#### [Problem to solve]
The reply must repeat the listing below exactly and carry none of its pictures.

#### [Collected data]

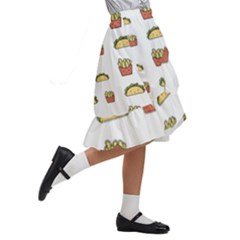 Kids  Ruffle Flared Wrap Midi Skirt 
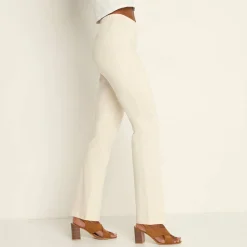 Effen bootcut legging, elastische taille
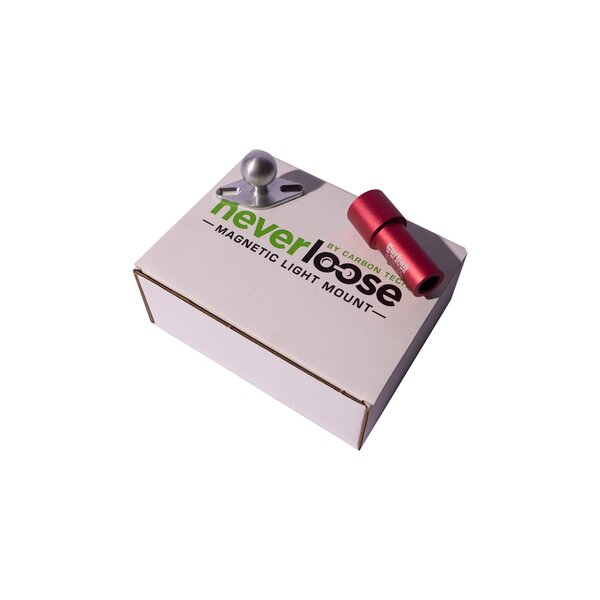 Carbon Tech Never Loose Light Mount - Black widow stand special edition red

#### [Written reply]
 Kids  Ruffle Flared Wrap Midi Skirt 
 Effen bootcut legging, elastische taille
 Carbon Tech Never Loose Light Mount - Black widow stand special edition red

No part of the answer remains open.